- To do -
From the entries below, reproduce exactly the lines from the one with "Leggings deportivos de" through the one with "Orange & Blue", both included, without images.

- Dataset extract -
:::::
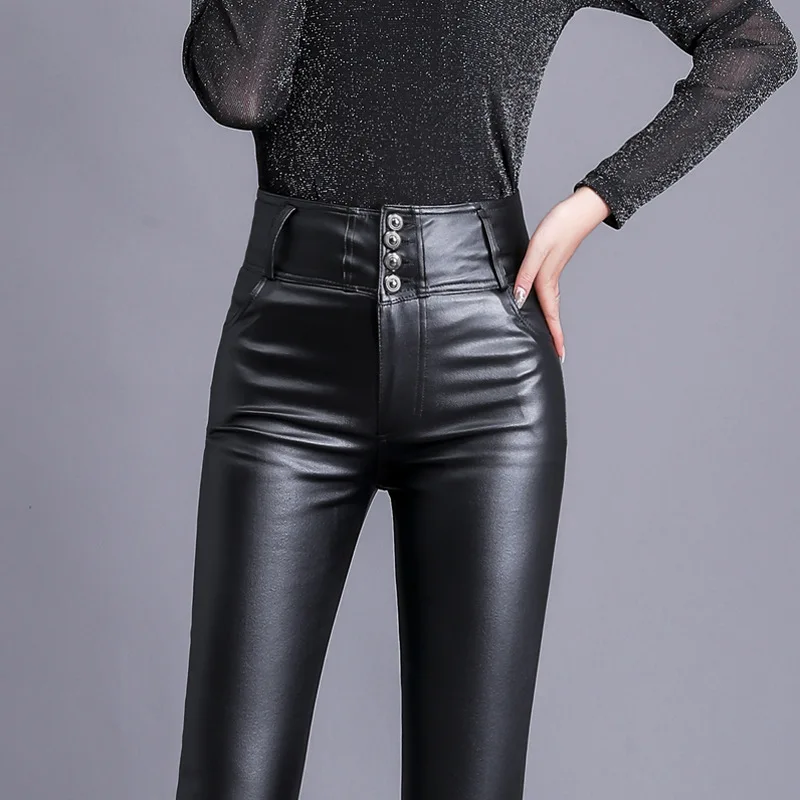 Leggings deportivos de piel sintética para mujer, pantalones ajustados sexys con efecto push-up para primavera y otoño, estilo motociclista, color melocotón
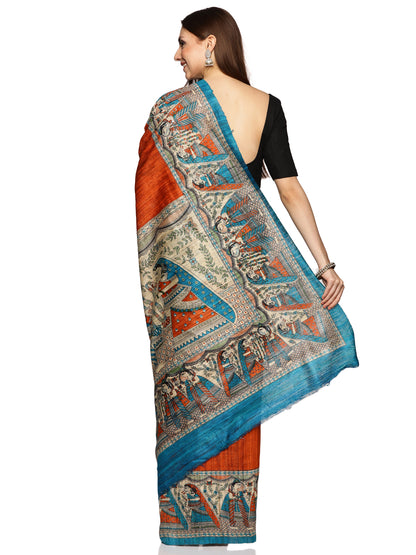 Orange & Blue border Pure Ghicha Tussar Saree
:::::
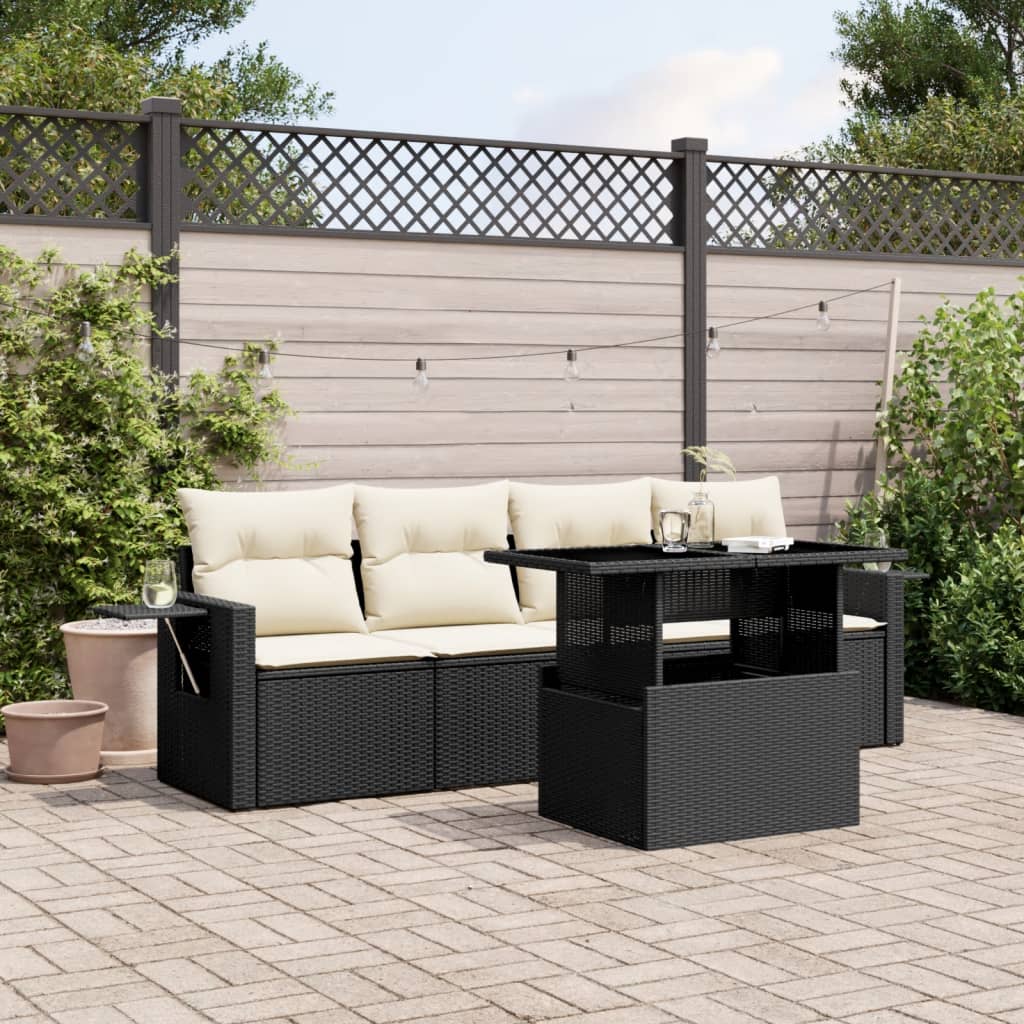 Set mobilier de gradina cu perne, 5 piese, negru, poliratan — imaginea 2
:::::
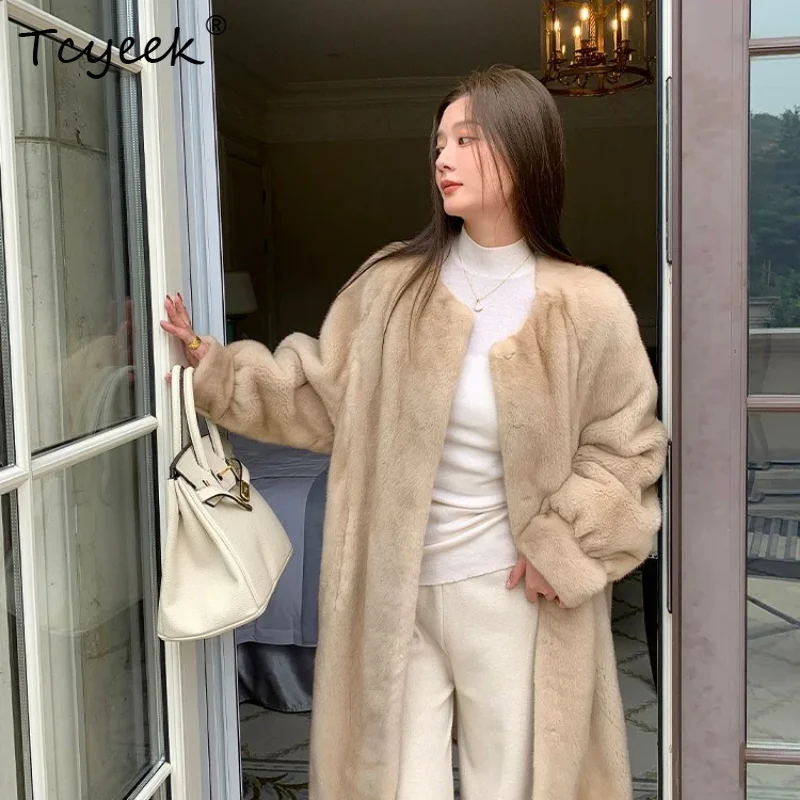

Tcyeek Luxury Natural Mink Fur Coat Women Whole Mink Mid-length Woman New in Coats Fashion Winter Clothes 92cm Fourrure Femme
:::::
- Solution -
 Leggings deportivos de piel sintética para mujer, pantalones ajustados sexys con efecto push-up para primavera y otoño, estilo motociclista, color melocotón
 Orange & Blue border Pure Ghicha Tussar Saree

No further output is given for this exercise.